The only way to satisfy both numbers is to include both primes, so the answer is 329.

Example 2

Input

1
8
3 4 6 7 8 9 10 14
Subset Product All numbers covered Valid
{2} 2 No No
{3} 3 No No
{2,3} 6 No No
{2,7} 14 Yes Yes

The value 3 requires prime 3, but 7 requires prime 7. The numbers divisible by 2 are already covered by choosing 2. The smallest successful subset is {2,7}, giving the answer 14.

Complexity Analysis

Measure Complexity Explanation
Time O(2¹⁵ + n) Every subset is checked against at most 49 distinct values, while reading the array takes O(n).
Space O(2¹⁵) Products for all subsets are stored once.

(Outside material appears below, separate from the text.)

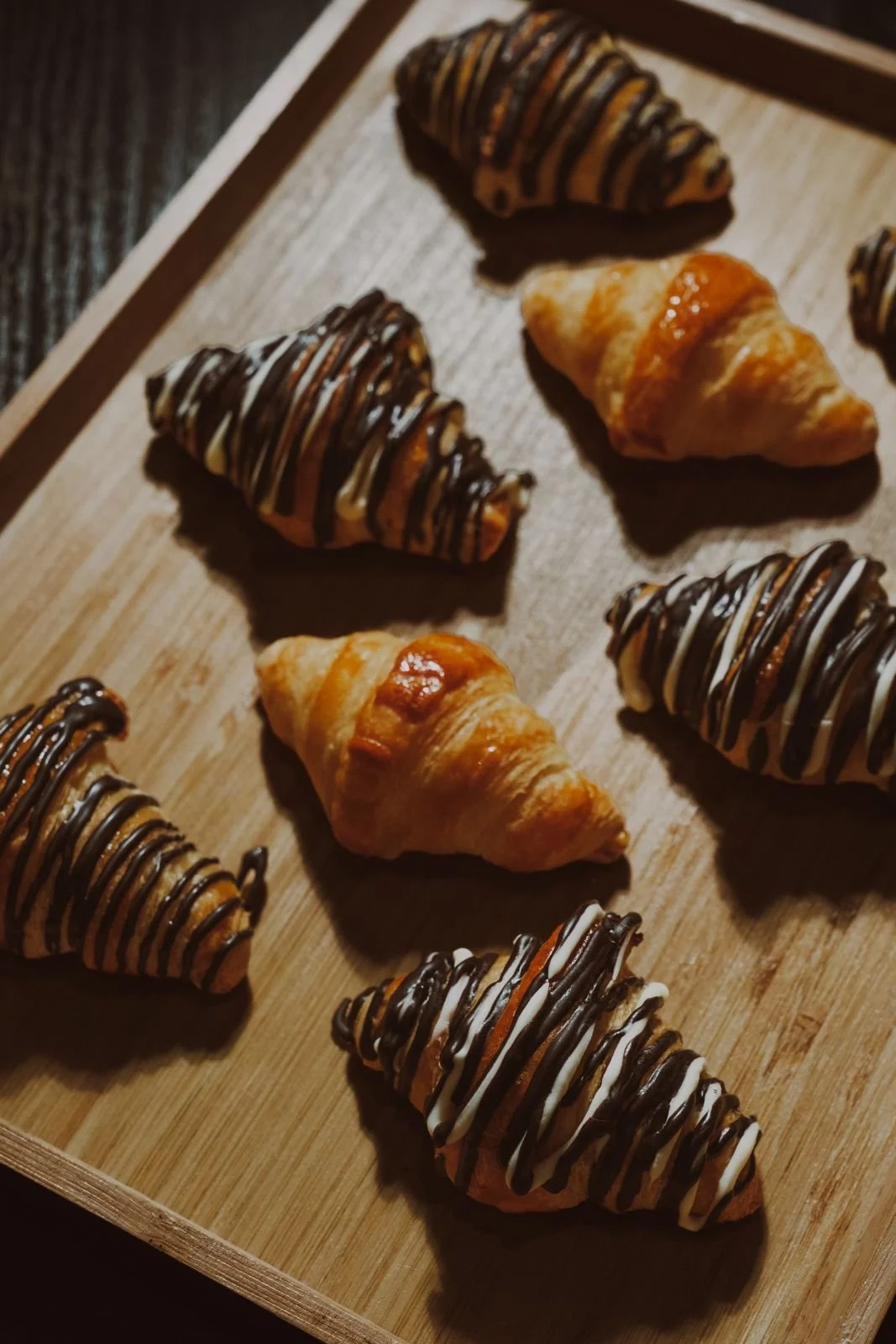Mini butter croissants on a tray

The dominant work is scanning 32768 subsets, each against at most 49 distinct values. This is well within the limits, even for the largest allowed input size.

Test Cases

import sys, io

PRIMES = [2, 3, 5, 7, 11, 13, 17, 19, 23, 29, 31, 37, 41, 43, 47]
P = len(PRIMES)

factor_mask = [0] * 51
for x in range(2, 51):
    mask = 0
    for i, p in enumerate(PRIMES):
        if x % p == 0:
            mask |= 1 << i
    factor_mask[x] = mask

prod = [1] * (1 << P)
for mask in range(1, 1 << P):
    b = mask & -mask
    idx = b.bit_length() - 1
    prod[mask] = prod[mask ^ b] * PRIMES[idx]

def solve():
    t = int(input())
    ans = []
    for _ in range(t):
        n = int(input())
        arr = list(map(int, input().split()))
        need = []
        seen = [False] * 51
        for x in arr:
            if not seen[x]:
                seen[x] = True
                need.append(factor_mask[x])
        best = None
        for mask in range(1, 1 << P):
            if all(mask & m for m in need):
                if best is None or prod[mask] < best:
                    best = prod[mask]
        ans.append(str(best))
    print("\n".join(ans))

def run(inp: str) -> str:
    global input
    sys.stdin = io.StringIO(inp)
    input = sys.stdin.readline
    out = io.StringIO()
    sys.stdout = out
    solve()
    sys.stdout = sys.__stdout__
    return out.getvalue().strip()

assert run("1\n2\n7 47\n") == "329"
assert run("1\n8\n3 4 6 7 8 9 10 14\n") == "14"

assert run("1\n1\n2\n") == "2"
assert run("1\n4\n6 6 6 6\n") == "2"
assert run("1\n2\n25 14\n") == "10"
assert run("1\n3\n49 25 9\n") == "315"
Test input Expected output What it validates
2 2 Minimum array size
6 6 6 6 2 Duplicate values do not matter
25 14 10 Different numbers can require different primes
49 25 9 315 Three unrelated prime requirements

Edge Cases

Consider the input

1
2
6 10

The required masks are {2,3} and {2,5}. The subset containing only prime 2 intersects both masks, so the algorithm returns 2. It never forces inclusion of unnecessary primes.

Now consider

1
2
25 14

The required masks are {5} and {2,7}. During subset enumeration, {5,2} is accepted with product 10, while {5,7} is also accepted with product 35. Since every valid subset is examined, the algorithm correctly chooses the smaller answer.

Finally, consider

1
3
6 6 6

Only one distinct mask is stored because repeated values impose identical constraints. Every subset is checked once against that mask, producing the same answer as processing all three copies while avoiding redundant work.